Jak wyzej. Byc moze zle oceniam bestbike, oni maja tez sklep netowy z
aparelem ktma, i ogolnie wiekszosc rzeczy jest zajebiscie szybko. Raz
tylko na jakas pierdole z aparela czekalem dluzej.
K.
-
57. Data: 2010-06-29 09:05:36
Temat: Re: lekki teren i szosa
Od: de Fresz <d...@n...o2.pl>
On 2010-06-28 19:49:23 +0200, "Karambol" <k...@g...pl> said:
> Nie miał tylko ma i w odróżnieniu od ciebie udowodniłem ci to.
> Udowndnij mi ze jest inaczej - bo twoje zdanie jest zupelnie
> kretynskie..
Ty weź wyluzuj, bo Ci wrzody popękają. Tytus nieco przesadził, ale z
drugiej strony patrząc - troszkę racji ma. A to dlatego, że porównuje
Tereskę z lytrowym ścigiem konstrukcyjnie z 10 lat młodszym albo
lepiej. I w takim porównaniu Teresa nie ma ani hampli, ani zawieszenia,
zwłaszcza jak kierownik ma zacięcie do zapierdalania oraz jest ciężką
lochą. I ma racje pisząc, że zawiasy nie kończą się na sprężynach, przy
otrzejszej jeździe wychodzi wiotkość ramy, wahacza, widelca (choć ja
np. z trudem dochodzę do takiego poziomu na drogach pulicznych, żeby mi
to jakość strasznie zaczynało przeszkadzać, ale widać cienias jestem).

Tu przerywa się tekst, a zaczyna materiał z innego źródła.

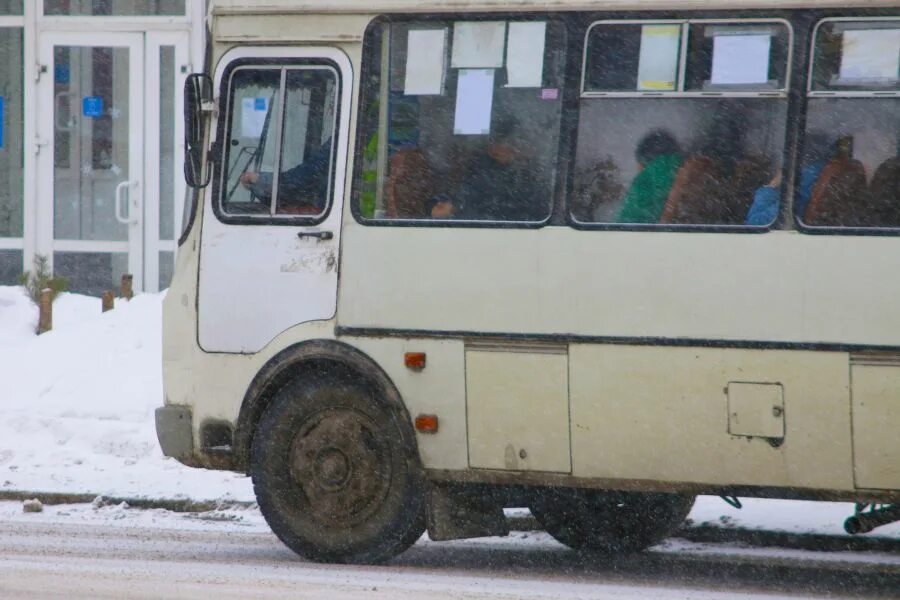 Водитель автобуса паз. Автобус ПАЗ Новокузнецк. Автобус ПАЗ Новокузнецк 94. Автобус в плохом состоянии.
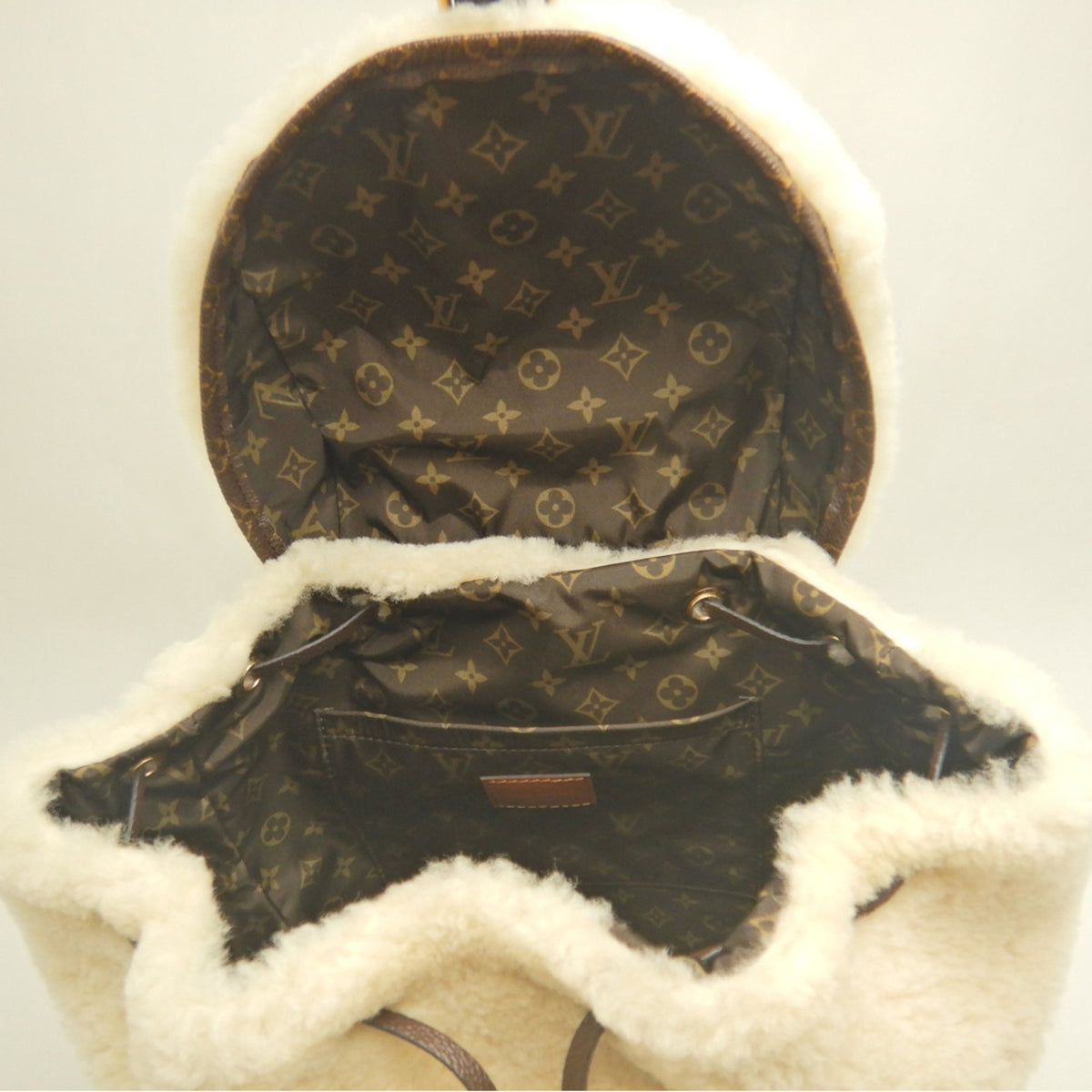Louis Vuitton Cream Leather Backpack (Pre-Owned)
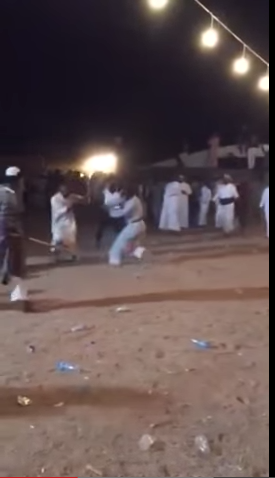 بالفيديو : حفل زفاف ينقلب إلى ساحة قتال 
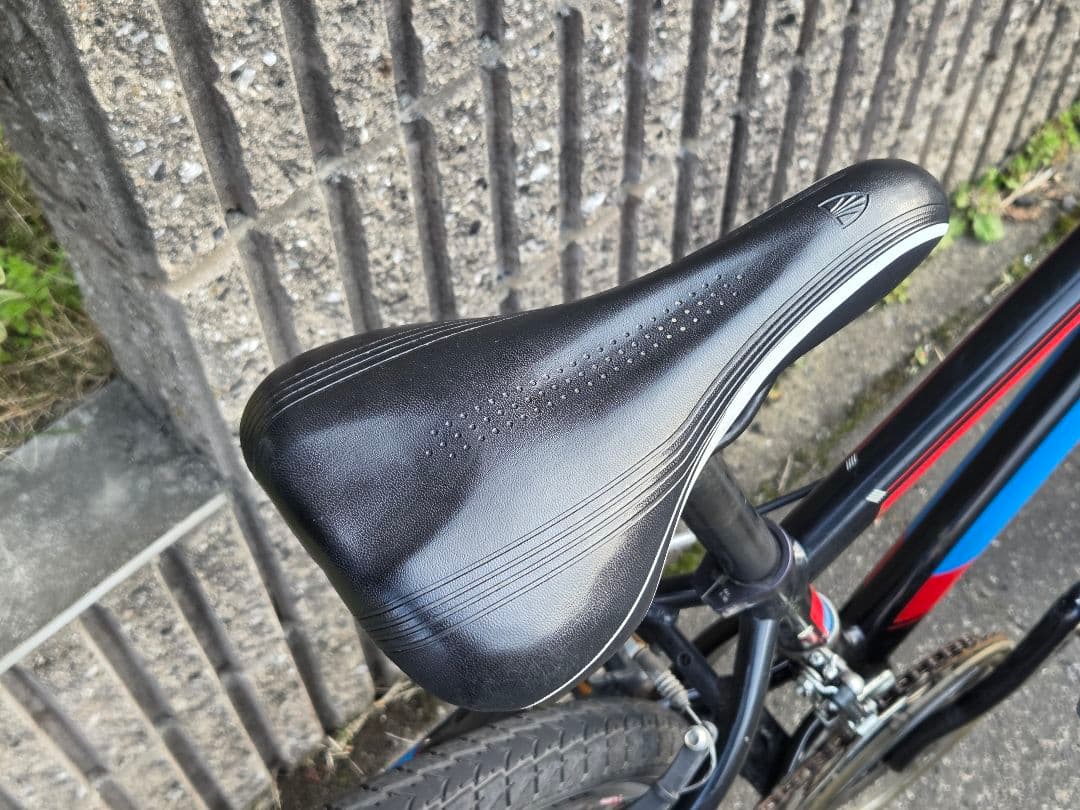 TREK　MT220 マウンテンバイク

Tylko z tym silnikiem nie bardzo rozumiem, ale może jechałem na jakiejś
zepsutej ST.
Z drugiej strony - widziałem Teresę na czołgowisku - wolno, bo wolno,
ale dawali radę (ona i kierownik). I za to podziwiam tego drugiego, bo
ja tam zdycham pod masą LC4, choć fakt że prędkości ciut inne.
--
Pozdrawiam
de Fresz
-
58. Data: 2010-06-29 09:11:20
Temat: Re: lekki teren i szosa
Od: n...@s...com
On Tue, 29 Jun 2010 11:03:49 +0200, kocyk <k...@Z...pl> wrote:
>jestem obslugiwany lepiej, niz u siebie w kraju, gdzie mi kazdy laske
>robi, ze przyjmie ode mnie 50k.
No stary, za 50k to sie nie dziw ze Ci laske robia!
pozdr
newrom
--
DT 125 - czy aby nie za mocny ? :-)
JUPPI! Admini tego foróma som wielcy!
http://demotivation.ru/yjmid8jxapprpic.html
-
59. Data: 2010-06-29 09:13:07
Temat: Re: lekki teren i szosa
Od: de Fresz <d...@n...o2.pl>
On 2010-06-29 11:03:49 +0200, kocyk <k...@Z...pl> said:
>> Dawajta chłopaki adresy tych dilerów. W poznańskim Rapidzie czas
>> czekania na części w zeszłym roku to było jakieś 2-3 tygodnie, do
>> Krakau nawet nie dzwoniłem, bo opinie o nich chodzą jeszcze gorsze, w
>> pewnej podwarszawskiej pralni pieniędzy, dla zmyłki nazywanej salonem
>> motocyklowym czekałem raptem miesiąc na kilka pierdołek (i nie chce mi
>> się po raz kolejny pisać o dennej obsłudze, choć niunia u której w
>> końcu odbierałem części była całkiem ładna, sympatyczna i miała fajne
>> cycki). A to wszystko "full offiszjal dilers".
>
> Bydgoski bestbike. Wyguglaj, albo moge ci zamawiac. Nie sadzilem, ze
> moze byc jeszcze gorszy dealer ktma od nich, oni nawet pol motocykla
> nie maja, hehe.
Dzięks. A z tego co piszesz, to może być "de best diler of de jeer" ;-)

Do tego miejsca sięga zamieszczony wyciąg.